Fig. 9: Lünen Cinefest. Students meet professionals, make a documentary, and talk to Ruth Bickelhaupt from Berndt Media prizewinning ‘Dicke Mädchen’ (Big Girls). UW’s new audio-visual design Prof. Erica von Moeller focuses on fi ctional and non-fi ctional narrative competence. Fig. 9: Lünen Cinefest. Students meet professionals, make a documentary, and talk to Ruth Bickelhaupt from Berndt Media prizewinning ‘Dicke Mädchen’ (Big Girls). UW’s new audio-visual design Prof. Erica von Moeller focuses on fi ctional and non-fi ctional narrative competence.

Alongside historical and empirical research, a highly relevant pool of questions centering on the technology of digital publishing and interactive communication will fall within the remit of UW’s new professorship of interactive media design. These questions include issues of 3D publishing, empirical research into the adaptation of future interface structures, and the distribution of time-based material via broadband and mobile telephony.

A new professorship in the didactics of visual communication, to be launched in fall 2012 within the framework of UW’s twin MEd programs in media design and design technology, and in color, space and surface design and technology, will focus on the communication of design processes related especially to the didactics of design training.
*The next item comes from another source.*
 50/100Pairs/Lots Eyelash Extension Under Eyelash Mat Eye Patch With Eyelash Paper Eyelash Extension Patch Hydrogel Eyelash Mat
The new specialty will establish UW’s Faculty of Art and Design in a unique position nationwide in this field of teaching and research.

The new direction of design studies at UW promises successful future development based on the interdisciplinarity inherent in a wide range of media-specific combinations, and above all on the polyvalent structure and aims of the combined BA, which allows for the parallel, integrated training of teachers as well as practitioners of design, with corresponding cross-fertilization and synergies. The interdisciplinary combinations will predictably yield research specialties in technology, didactics and history.